La historia reciente es pródiga en ese género de complicidades que se confunden con la virtud. Sabemos las consecuencias de haber tolerado a Hitler o la de tolerar la corrupción y la penetración del crimen organizado en el Estado mexicano. Llevada a su extremo, la tolerancia termina por negarse a sí misma y volverse contraproductiva, contraria a los fines que persigue. En este caso la paz, que sólo nace del respeto a las diferencias que no atentan, en la controversia y la polémica, contra la naturaleza propia de la paz. “La tolerancia –dice Comte-Sponville– sólo vale dentro de ciertos límites”. Karl Popper llama a ese límite “la paradoja [lo singular] de la tolerancia”: “Si somos absolutamente tolerantes –escribió en La sociedad abierta y sus enemigos–, incluso con los intolerantes y no defendemos la sociedad tolerante contra sus asaltos, los tolerantes serán aniquilados y junto con ellos la tolerancia”. Una tolerancia sin límites termina por destruir la propia tolerancia y dar paso al totalitarismo.
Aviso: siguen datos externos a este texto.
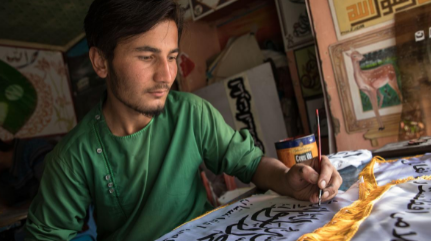 Business is good for Afghan artists — as long as they’re happy to paint Taliban flags and stamps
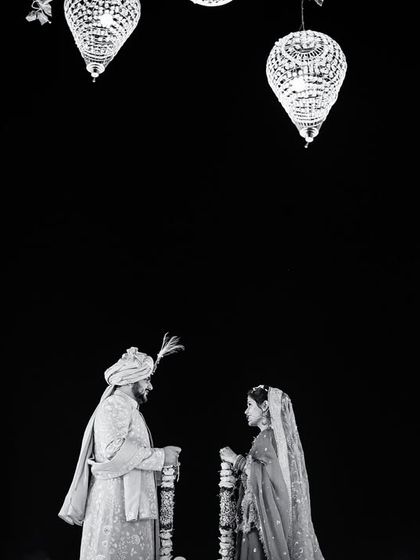 A powerful black and white silhouette of the couple during their wedding ceremony. The dramatic lighting and composition create a timeless and artistic image of their union.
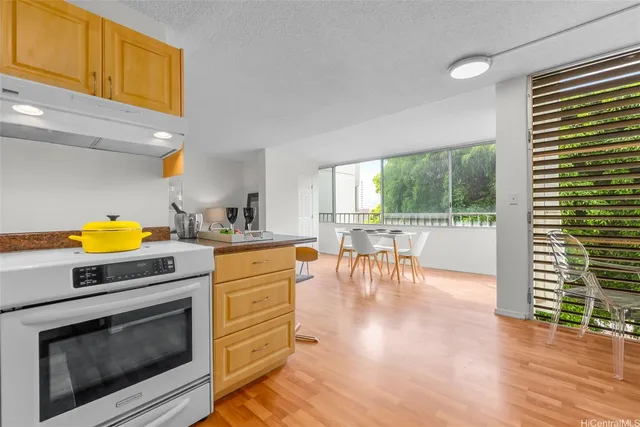 a kitchen with a stove a sink and a microwave
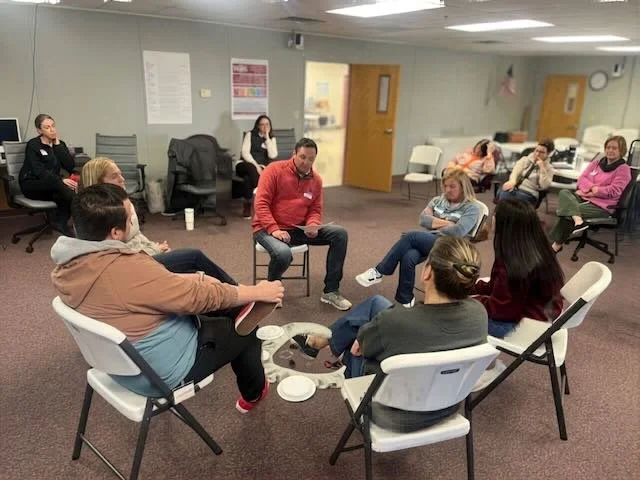 Teachers and administrators sit in a circle with a centerpiece in a carpeted meeting room. Other participants sit in another circle behind them, observing, in a "Fishbowl" role play.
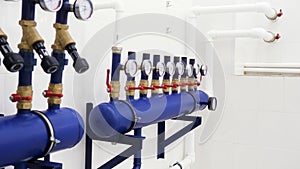 Close up of manometer, pipes and faucet valves of heating system in a new white boiler room. Stock footage. Boiler room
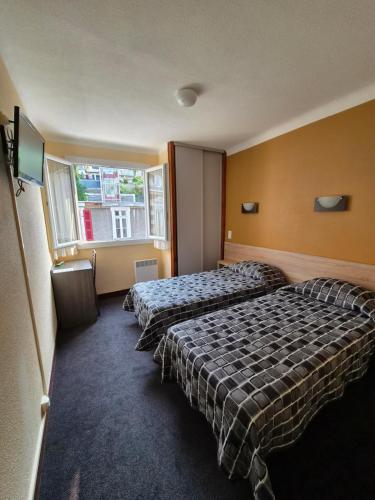 a hotel room with two beds and a window at Hôtel Saint Sébastien in Lourdes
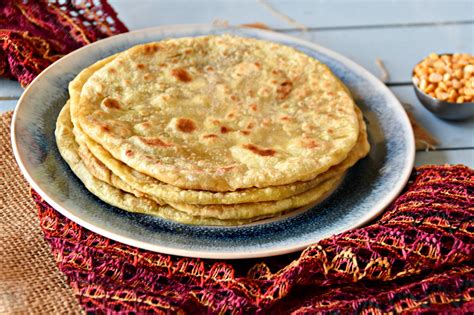 Puran poli a delicious traditional flat bread filled with sweetened chickpeas and spices served ...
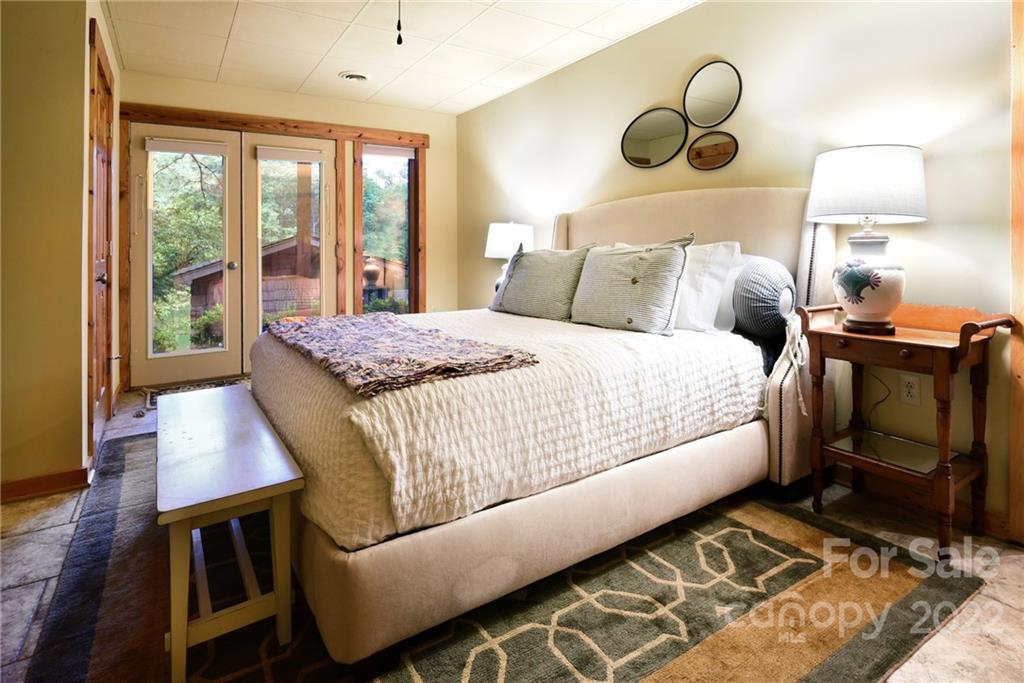 175 Clearview Point Drive Mount Gilead, NC 27306 - Photo 36 of 48 a bedroom with a bed and wooden floor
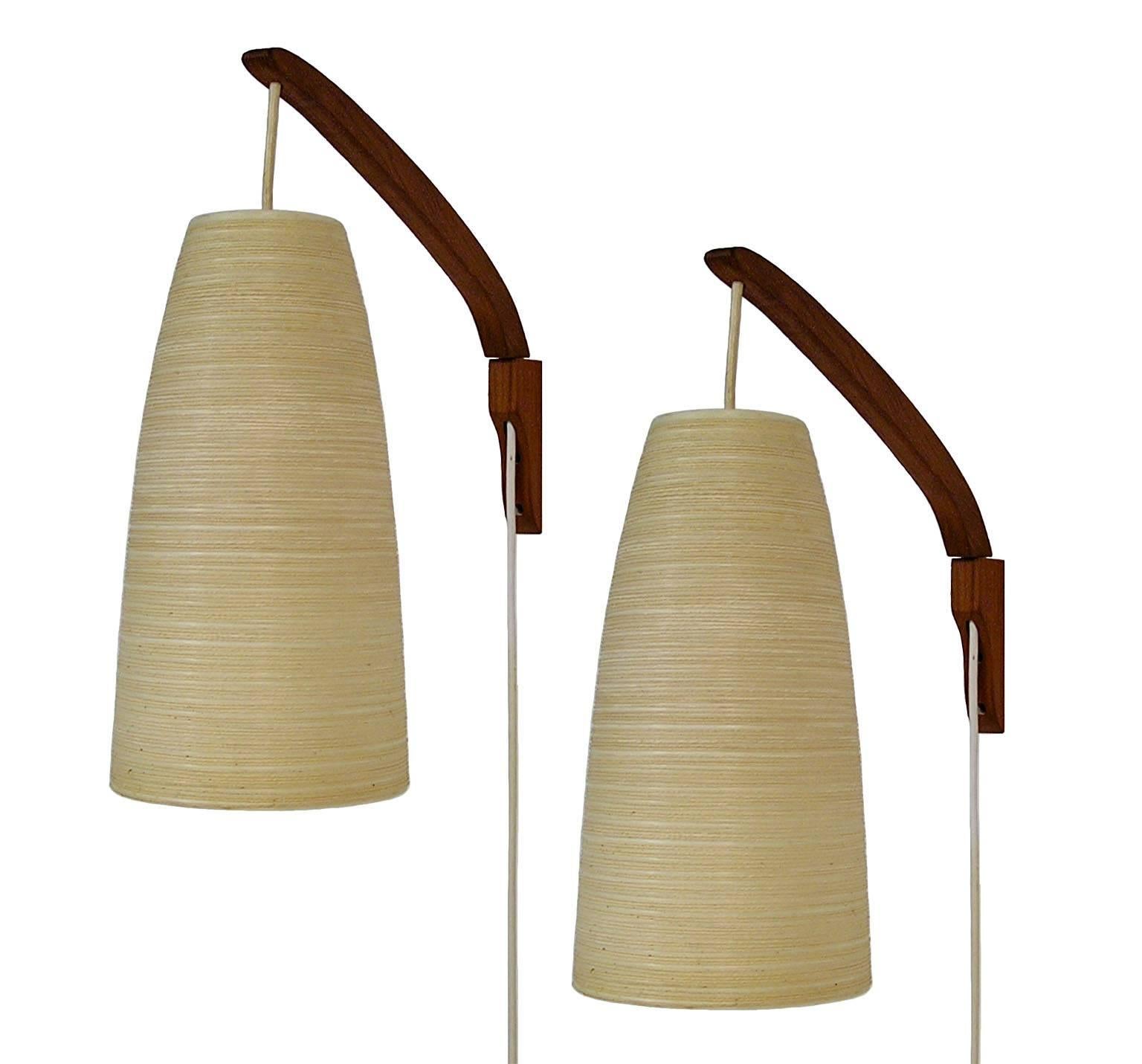 A beautiful pair of teak wall sconces by Gunnar and Lotte Bostlund. Stylish Scandinavian Modern inspired design featuring a unique beehive shaped shade made of fiberglass and jute with an inline thumb switch to power the lamps on and off. The solid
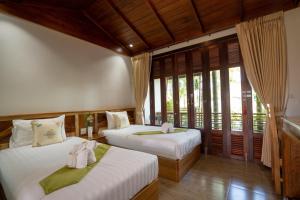 Ban Khok LoMadee Spa & Resort的带窗户的客房内的两张床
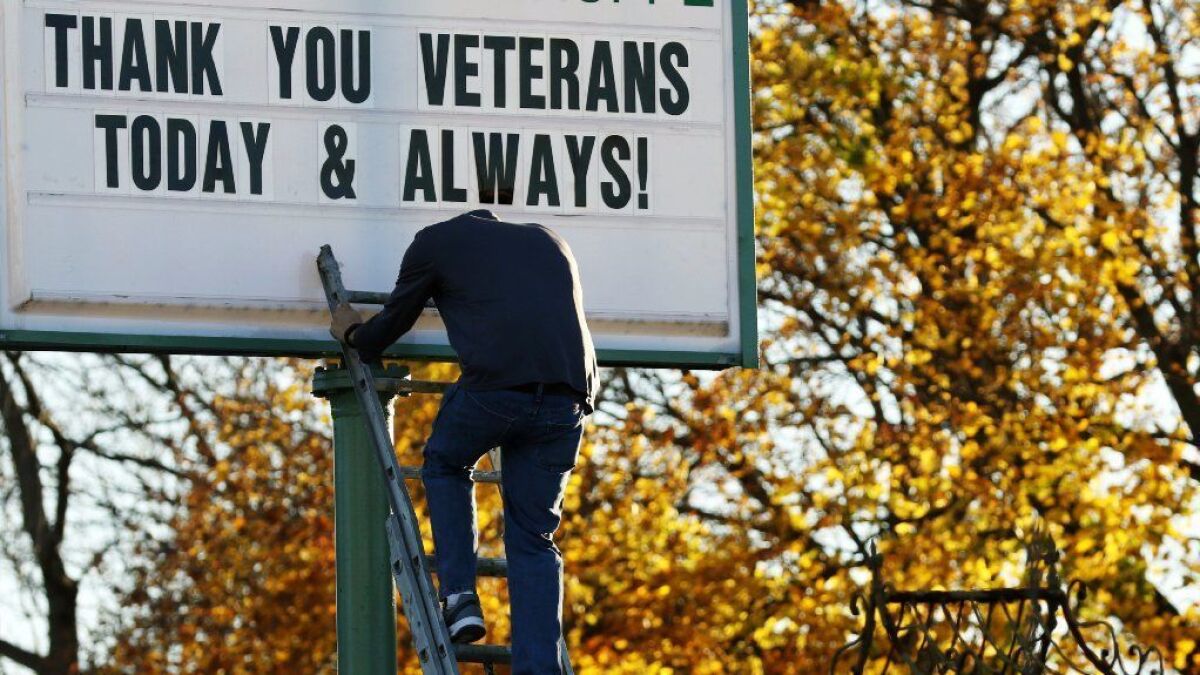 A man climbs down a ladder to get more letters to complete the message for veterans.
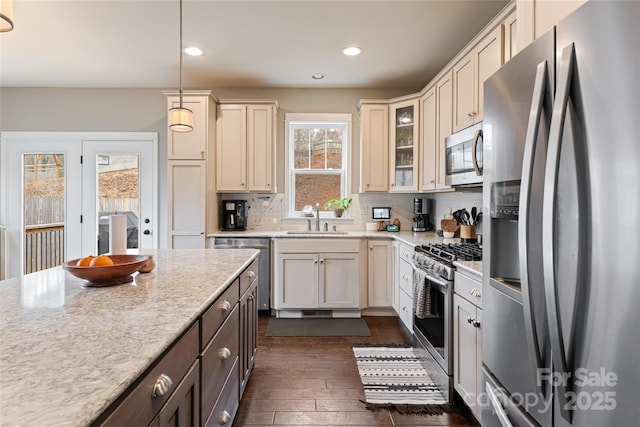 kitchen featuring cream cabinetry, a sink, stainless steel appliances, decorative backsplash, and dark wood-style flooring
Frente a eso es mejor resistir, incluso con la violencia, cuando la ley, el razonamiento lógico, la resistencia pasiva o la desobediencia civil no alcanzan a limitar lo intolerable. Es lo que han hecho ciertos grupos de mujeres en Michoacán contra los embates del Cártel de Jalisco Nueva Generación y la indiferencia del gobierno. Mejor eso que la pasividad ante el horror, que la aceptación de lo inhu­mano o de su posibilidad inminente. “Una sociedad en la que fuera posible una tolerancia universal ya no sería humana” (Comte-Sponville”), sino criminal y salvaje.

Lo que, en consecuencia, debe limitar la tolerancia en la vida política es la peligrosidad efectiva que ciertos grupos tienen de atentar contra la propia tolerancia y sus espacios de libertad. Una manifestación contra la democracia, contra la tolerancia o contra la libertad, es tolerable cuando la República es fuerte y estable. Prohibirla sería un acto de intolerancia. Sin embargo, cuando la República es débil y sus instituciones han sido cooptadas por intereses ideológicos, fundamentalistas y criminales que amenazan realmente la libertad, hay que combatirla, limitarla. No es fácil discernirlo. Es el territorio de la casuística en la que las democracias, cuando son verdaderas democracias, deben moverse. Popper lo dice mejor:

“[No] siempre [debe] prohibirse la expresión de teorías intolerantes. Mientras sea posible contrarrestarlas con argumentos lógicos [sería] un error prohibirlas. Pero hay que reivindicar el derecho a hacerlo, incluso por la fuerza si ello fuera necesario, porque puede suceder que los defensores de esas teorías rehúsen toda discusión lógica y sólo respondan a los argumentos con la violencia. En este caso hay que considerar que se sitúa fuera de la ley y que incitar a la intolerancia es tan criminal como incitar al asesinato.”

Además opino que hay que respetar los Acuerdos de San Andrés, detener la guerra, liberar a todos los presos políticos, hacer justicia a las víctimas de la violencia, juzgar a gobernadores y funcionarios criminales, esclarecer el asesinato de Samir Flores, la masacre de los LeBarón, detener los megaproyectos y devolverle la gobernabilidad a Morelos.

Artículo publicado el 24 de enero en la edición 2308 de la revista Proceso.